Implement DISTINCT in for comprehension


In the penultimate lecture of his Coursera course, Prof. Odersky offered the following for comprehension as the final step in a lovely case study:

def solutions(target: Int): Stream[Path] =
  for {
    pathSet <- pathSets
    path <- pathSet
    if path.endState contains target
  } yield path

In an earlier lecture he drew some analogies between for comprehensions and SQL.

What I'm looking for is a way to yield only those paths that have a DISTINCT endState.

Is there a way to refer back from within a filter clause of the same comprehension to the items that have already been yielded?

Another approach might be to convert pathSets to a Map from endState to path before the for statement, then convert it back to a Stream before returning it. However, this would seem to lose the lazy computation benefits of using a Stream.

An earlier method from the same case study accomplished similar goals, but it was already a recursive function, while this one doesn't (seem to) need to be recursive.

It looks like I could use a mutable Set to track the endStates that get yielded, but that feels unsatisfying, since the course has successfully avoided using mutability so far.


Solution

  • Is there a way to refer back from within a filter clause of the same comprehension to the items that have already been yielded?

    Your for comprehension desugars to something more or less like

    pathSets flatMap {
      pathSet => pathSet filter {
       path => path.endState contains target
      }
    } map {path => path}
    

    The last map with an identity function is your yield.

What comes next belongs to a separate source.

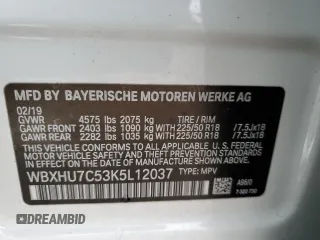 2019 BMW X1 sDrive28i with VIN WBXHU7C53K5L12037, listed as a Copart auction lot 65538082 with Not Provided miles. Bid and sale history available at carsss.com. Image 10.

I can't remember if the spec allows that map to be elided when it's an identity function.

    Anyway, I hope this shows more clearly why there's no "reaching back" with that structure.

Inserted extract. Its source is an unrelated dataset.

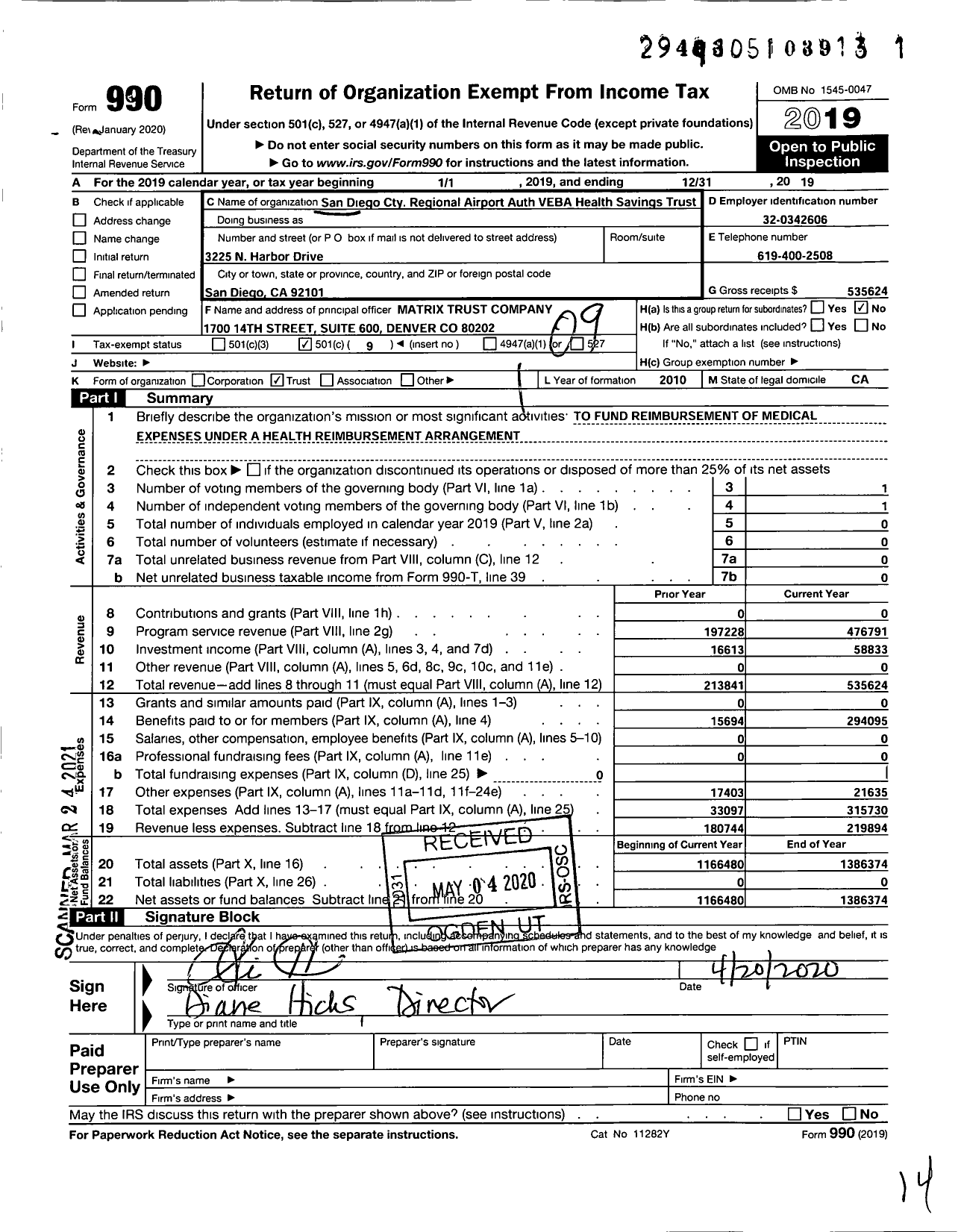 Image of first page of 2019 Form 990O for San Diego County Regional Airport Authority Veba Health Savings Trust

    You can write a lazy, recursive distinctBy function

    implicit class DistinctStream[T](s: Stream[T]) {
      def distinctBy[V](f: T => V): Stream[T] = {
        def distinctBy(remainder: Stream[T], seen:Set[V]): Stream[T] =
          remainder match {
            case head #:: tail => 
              val value = f(head)
              if (seen contains value) distinctBy(tail, seen)
              else Stream.cons(head, distinctBy(tail, seen + value))
            case empty => empty
         }
    
        distinctBy(s, Set())  
      }
    }
    

    And use it like so

    def solutions(target: Int): Stream[Path] =
    (for {
     pathSet <- pathSets
     path <- pathSet
     if path.endState contains target
    } yield path) distinctBy (_.endState)
    

    Yeah, now there's recursion. But there already was because Stream's map, flatMap, and filter functions are all lazy recursive functions already.